IV
The project's time teleporter stood in a small, specially-built room off from the main room.
It was a similar make and model to the university's own teleporter pads upstairs that we had arrived on. The pads here were raised slightly further off the floor to accommodate the extra hardware of the temporal-field generator underneath them. Anubis went to the control console and started powering it up while Ishtar pulled three long brown and white cotton tunics out of a store cupboard which we pulled on over our heads so that they covered our own clothes.
"Yucatan - at this time - is primitive enough at this time that ninety-percent of the population are farmers, craftsmen or both," said Zeus, straightening his. "They'll "recognise" any material they've never seen before - like poly-fibre clothing - instantly. But at the same time, it's pointless for us to try to dress like they do, as we're obviously strangers anyway."
"Some early societies will interpret that as hostile," said Ishtar.
"Yes," said Zeus. "So these - different, but made from something they know - are a good compromise.

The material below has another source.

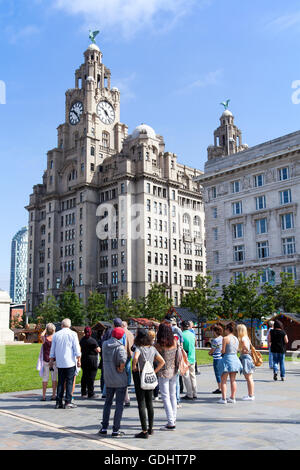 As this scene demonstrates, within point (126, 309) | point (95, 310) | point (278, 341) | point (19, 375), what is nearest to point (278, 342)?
point (278, 341)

We don't blend in, but at the same time, we don't look ludicrously out of place."
"I understand," I said. I removed my helmet and gloves and passed them to Amelia Hathor, but I kept my wristcom on, hidden under my tunic sleeve, and my Unigun and shockstick on my belt. I was not going back into the past to look for potential murder suspects empty handed.

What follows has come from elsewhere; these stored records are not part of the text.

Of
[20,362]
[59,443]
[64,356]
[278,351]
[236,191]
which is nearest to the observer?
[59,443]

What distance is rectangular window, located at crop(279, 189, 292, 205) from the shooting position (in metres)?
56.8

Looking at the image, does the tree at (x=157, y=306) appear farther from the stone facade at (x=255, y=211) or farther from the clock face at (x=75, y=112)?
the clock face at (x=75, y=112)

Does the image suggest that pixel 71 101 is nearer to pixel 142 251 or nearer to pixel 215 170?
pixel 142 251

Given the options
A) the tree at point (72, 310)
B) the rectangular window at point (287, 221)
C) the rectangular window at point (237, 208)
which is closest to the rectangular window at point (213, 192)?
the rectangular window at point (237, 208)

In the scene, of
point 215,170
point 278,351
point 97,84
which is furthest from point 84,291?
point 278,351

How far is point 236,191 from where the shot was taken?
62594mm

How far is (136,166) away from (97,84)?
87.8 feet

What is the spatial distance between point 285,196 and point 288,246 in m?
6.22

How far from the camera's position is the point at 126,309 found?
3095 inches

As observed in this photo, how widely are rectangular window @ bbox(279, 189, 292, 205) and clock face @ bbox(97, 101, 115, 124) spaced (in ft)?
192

"Take this as well," said Anubis, handing me a small black plastic cylinder with a single red button at one end. It was small enough to hide in the palm of my hand. "Emergency temporal signal beacon. I'm sure you've done this kind of thing before, but if you get into any serious difficulties, just hit it once. Myself and the team will backstep as close as we can to your location within two minutes."
"Just try not to get sacrificed until then," said Catherine Sobek.
"For the last time, that isn't funny," said Zeus, who was emptying his pockets of anything futuristic, including his ship keys, phonecom and several pre-autographed pictures of himself. "They do not sacrifice people that often. They're not Aztecs. They're Tutal Xiu Maya."
"I'm sure we'll be fine," I said. "How long have they been back there?"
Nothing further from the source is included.